Objectives: The aim of this study is to assess the cost-effectiveness of fruquintinib compared to regorafenib as third-line treatment for patients with metastatic colorectal cancer (mCRC) in China.
Methods: A three-state Markov model with monthly cycle was constructed to estimate lifetime incremental cost-effectiveness ratio (ICER) of fruquintinib versus regorafenib as third-line treatment for patients with mCRC from Chinese health care perspective. Survival analysis was applied to calculate transition probabilities using the data from the clinical trials FRESCO and CONCUR, which were also the data sources accessing probabilities of adverse events. Background mortality rate and drug costs were derived from government published data. Costs for medical services were obtained from real-world data and published literatures. Utilities applied to calculate the quality-adjusted life years (QALYs) were obtained from literature review. One-way sensitivity analysis and probabilistic sensitivity analysis were adopted to verify the robustness of the results.

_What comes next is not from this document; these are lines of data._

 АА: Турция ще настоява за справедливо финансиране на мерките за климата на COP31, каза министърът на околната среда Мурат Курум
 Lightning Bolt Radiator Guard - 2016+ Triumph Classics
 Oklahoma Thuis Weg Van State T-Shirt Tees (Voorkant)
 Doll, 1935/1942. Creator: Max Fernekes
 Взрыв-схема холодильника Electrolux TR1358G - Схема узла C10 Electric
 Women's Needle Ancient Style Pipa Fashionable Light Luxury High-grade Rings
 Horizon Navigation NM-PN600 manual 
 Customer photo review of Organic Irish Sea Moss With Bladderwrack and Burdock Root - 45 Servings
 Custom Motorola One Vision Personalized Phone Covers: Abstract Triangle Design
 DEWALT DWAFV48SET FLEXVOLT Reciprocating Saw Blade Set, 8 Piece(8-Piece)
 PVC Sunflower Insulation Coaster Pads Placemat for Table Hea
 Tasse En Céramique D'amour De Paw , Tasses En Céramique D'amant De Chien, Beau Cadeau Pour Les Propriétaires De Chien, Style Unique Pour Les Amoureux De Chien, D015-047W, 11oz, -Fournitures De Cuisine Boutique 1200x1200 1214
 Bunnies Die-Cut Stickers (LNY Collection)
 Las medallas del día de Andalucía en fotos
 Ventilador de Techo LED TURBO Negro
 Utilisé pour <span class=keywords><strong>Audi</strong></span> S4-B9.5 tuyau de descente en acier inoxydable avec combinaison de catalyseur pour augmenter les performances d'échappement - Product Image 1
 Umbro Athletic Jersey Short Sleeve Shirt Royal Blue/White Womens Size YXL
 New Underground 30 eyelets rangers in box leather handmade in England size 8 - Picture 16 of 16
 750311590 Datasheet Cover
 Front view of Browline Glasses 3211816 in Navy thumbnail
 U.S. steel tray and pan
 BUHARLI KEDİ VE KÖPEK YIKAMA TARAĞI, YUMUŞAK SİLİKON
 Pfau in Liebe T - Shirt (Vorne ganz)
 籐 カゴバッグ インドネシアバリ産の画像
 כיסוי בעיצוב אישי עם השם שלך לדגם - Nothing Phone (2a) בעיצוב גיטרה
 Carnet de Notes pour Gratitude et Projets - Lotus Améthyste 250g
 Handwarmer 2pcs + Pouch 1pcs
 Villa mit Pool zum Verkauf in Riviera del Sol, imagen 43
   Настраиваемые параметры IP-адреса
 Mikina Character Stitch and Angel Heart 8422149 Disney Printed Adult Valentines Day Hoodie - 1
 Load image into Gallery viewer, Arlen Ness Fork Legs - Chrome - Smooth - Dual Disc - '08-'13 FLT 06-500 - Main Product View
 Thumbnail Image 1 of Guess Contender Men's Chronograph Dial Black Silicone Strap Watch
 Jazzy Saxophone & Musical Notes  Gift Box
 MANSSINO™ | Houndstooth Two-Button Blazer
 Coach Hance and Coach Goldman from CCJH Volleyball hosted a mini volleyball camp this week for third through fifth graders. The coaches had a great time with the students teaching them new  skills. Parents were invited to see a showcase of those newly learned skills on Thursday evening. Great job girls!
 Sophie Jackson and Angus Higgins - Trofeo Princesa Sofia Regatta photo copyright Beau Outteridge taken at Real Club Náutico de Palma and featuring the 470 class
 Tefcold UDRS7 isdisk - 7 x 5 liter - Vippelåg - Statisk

Results: Fruquintinib provided 0.74 QALYs at a cost of CNY 151,058 (USD 22,888), whereas regorafenib provided 0.79 QALYs at a cost of CNY 226,657 (USD 32,224). Compared to fruquintinib, the ICER of regorafenib was CNY 1,529,197/QALY (USD 231,697/QALY) from Chinese health care perspective, which was above the triple GDP per capita of China in 2019 (CNY 212,676) (USD 32,224) as the threshold to define the cost-effectiveness. One-way sensitivity analysis showed the results were generally robust. Cost-effectiveness acceptability curves derived from probabilistic sensitivity analysis demonstrated the probability that fruquintinib was more cost-effective was 100% when the threshold was the triple GDP per capita of China.
Conclusions: Compared to regorafenib, fruquintinib, which leads to forego about 0.05 QALYs and save about CNY 75,599 (USD 11,454), is a cost-effective choice as the third-line treatment for patients with mCRC in China.
Keywords: 3rd-line treatment; Fruquintinib; I; I1; I11; I19; Markov model; cost-effectiveness analysis; mCRC; regorafenib.